There were no skid marks. Probably distracted, on her phone, Ursula thought. She hadn’t reacted to the sudden stoppage ahead of her and plowed into the back of the truck, the driver of which had escaped injury.
Stickers flanked the Subaru’s rear license plate—one depicted a beleaguered cartoon turtle and read Skip a Straw,Save a Turtle. The other was square and white, with Rio in red lettering.
Twenty minutes ago, Ursula was parked in her new red Ford Escape, finishing up her notes at the scene of an overnight smash-and-grab burglary at a Montana Avenue jewelry store in Santa Monica. She’d heard the call come through the scanner mounted on her dashboard, quickly stowed her things, and joined every stringer in a ten-mile radius in a race to the scene.
Unlike stringers—freelancers who roamed the sprawling city to sell video of breaking news to local TV stations, whose cameras couldn’t be everywhere—Ursula was a full-time staff writer for local online newspaper LA Intercept. But everybody had to hustle for content. Exclusive video was the name of the game, so whoever got to a scene first won.

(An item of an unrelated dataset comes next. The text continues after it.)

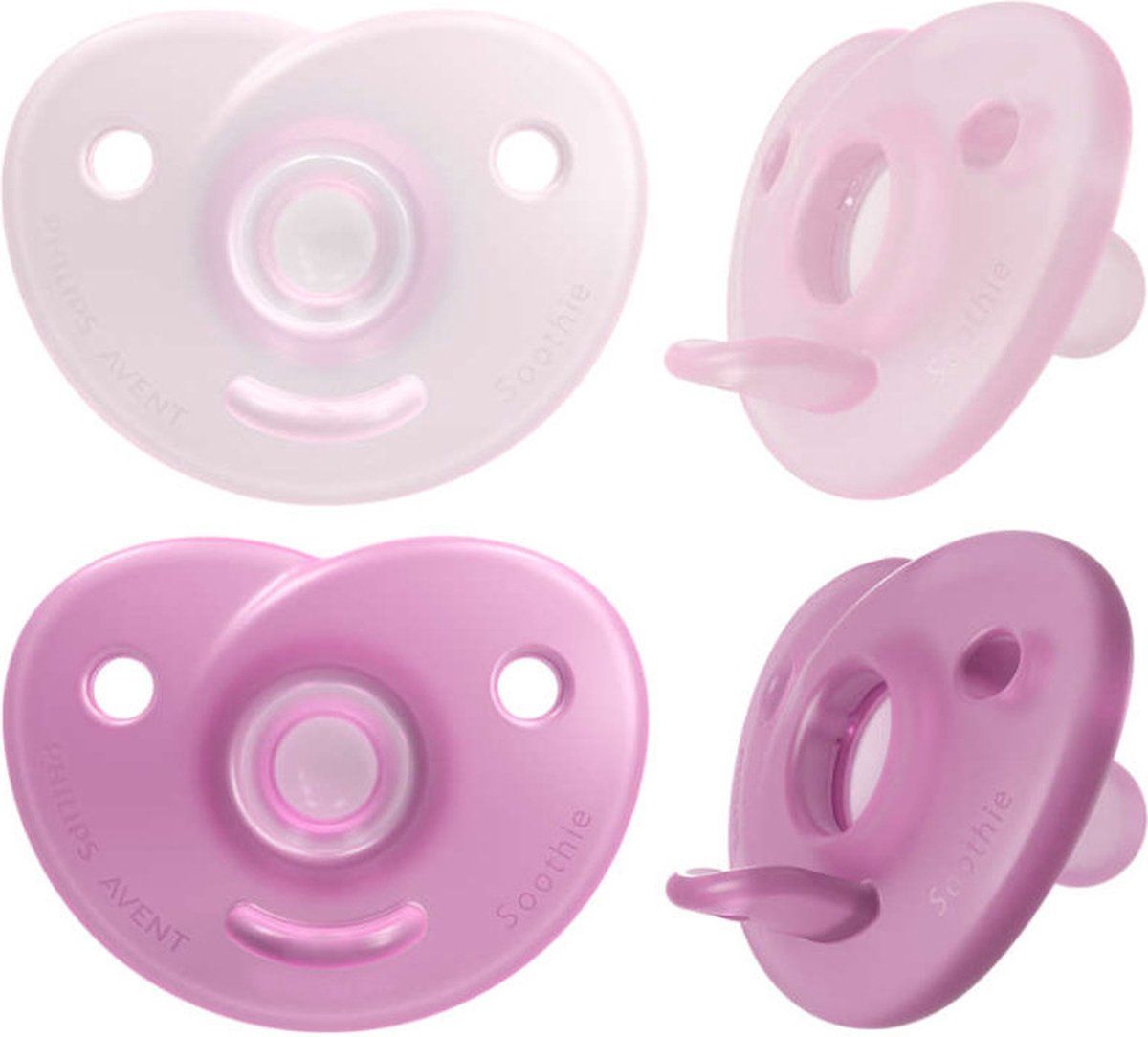 Philips Avent Soothie Fopspeen - 0 tot 6 Maanden - 2 Speentjes - Roze/Donkerroze - SCF099/20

Blowing through intersections in the quiet residential blocks north of Montana, she’d hurtled past the mansions on either side of Entrada and down to Channel, where the big homes changed to small apartment buildings near the beach. Ignoring the signs prohibiting right turns on red, she sped north up PCH toward Malibu. Brake lights on the busy coastal artery announced the crash before she could see it.

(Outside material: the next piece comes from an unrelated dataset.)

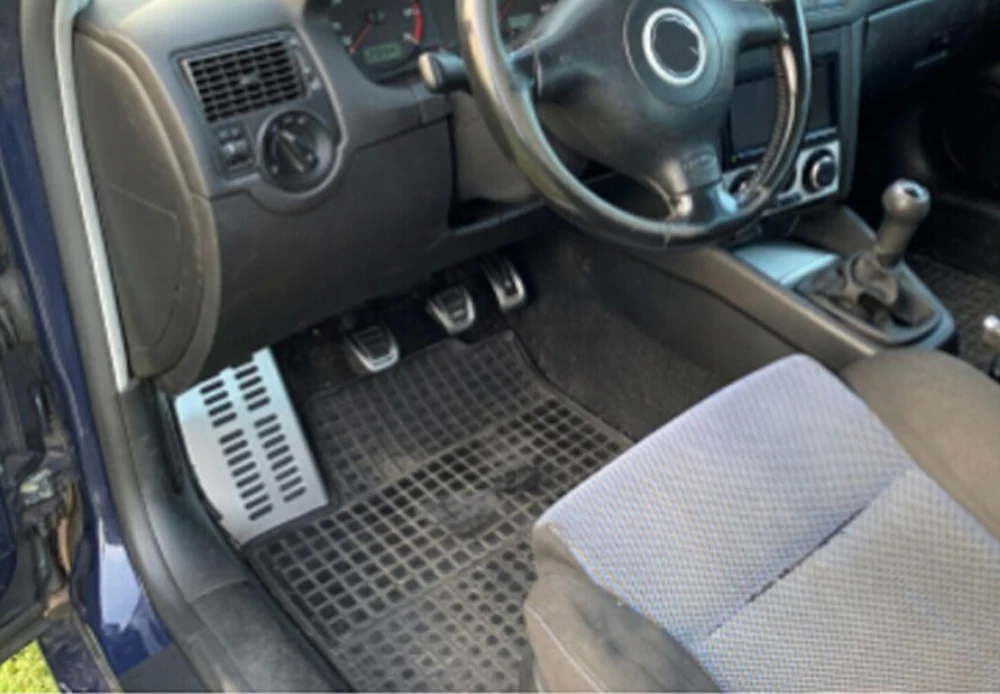 Pedales de coche plateados para vehículos Volkswagen, Audi y SEAT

She drove up the shoulder as far as she could before she was forced to park beside the line of cars. She left her media pass on her dashboard to hopefully avoid getting towed, and went the rest of the way on foot. She won the scene, running up in time to video firefighters finishing sawing off the Subaru’s door to get to the driver. She was slumped to the side, her face turned away from the flashing lights.
They were covering her body with a sheet now. The paramedics went to shake it off and start packing up.

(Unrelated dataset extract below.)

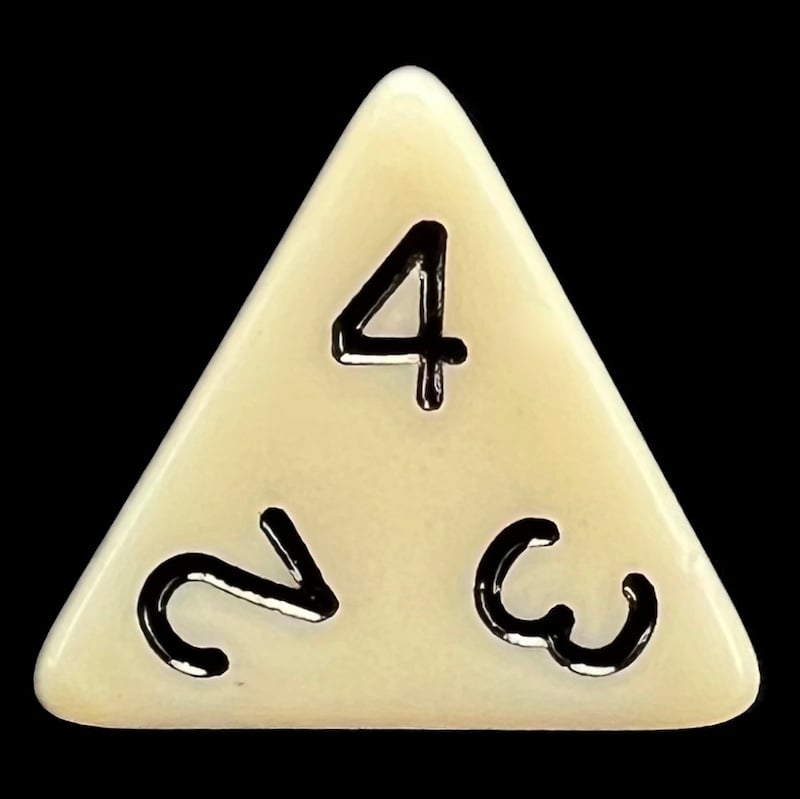 TDSO Opaque Ivory D4 Dice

Ursula looked away to the California Highway Patrol officers taking measurements in a stretch of roadway marked off by pylons and flares, and strewn with pieces of metal and plastic and safety glass. So many of her days started with a dead body somewhere, a lonely corpse whose family and friends were still living in an awful bubble of time, as if it was any other day, unaware that someone they loved had just died, often violently.
Turning her gaze up to the sunrise outlining the mountains, Ursula wondered who’d mourn the Subaru driver. Who was going to get the news today that would change the rest of their lives. Today was the day they didn’t see coming. No one ever did—it was the sucker punch of all sucker punches.
All the interviews she’d done with shocked, grieving relatives took their toll. It felt as if their pain was a tactile thing, a toxin in her blood that was robbing from her future to pay for every day she spent reporting on other people’s agonizing present. Coaxing family and friends caught in trauma’s fallout to articulate a pain beyond comprehension to her readers, who were endlessly fascinated with unnatural death at a distance.
With exclusive video of it.
A fire engine was being repositioned, and Ursula took advantage of the sweeping glare of its headlights to get some video of a parking pass still hanging from the Subaru’s rearview mirror: Rio Lot B/47, and the sawed-off door laying in the street like a severed limb from some mechanized carnage. A small black hole in it caught Ursula’s eye before shifting shadows smothered the detail.
She rewound and froze the video. Enlarging it on her screen, she stared at the curious puncture in its crinkled metallic halo, like the corona around the moon during a total solar eclipse.
Unable to get the attention of the nearest CHP officer, who simply repeated his demands that she move back, Ursula finally convinced a female officer to look at the image.
Zooming in on the hole, she asked the cop, “What does that look like to you?”
The cop studied the image. Unable to dismiss Ursula’s concern outright, she aimed her flashlight at the door and saw the strange little hole for herself. Looked back at the close-up of it on Ursula’s screen.
She looked at Ursula and said, “Like a bullet hole.”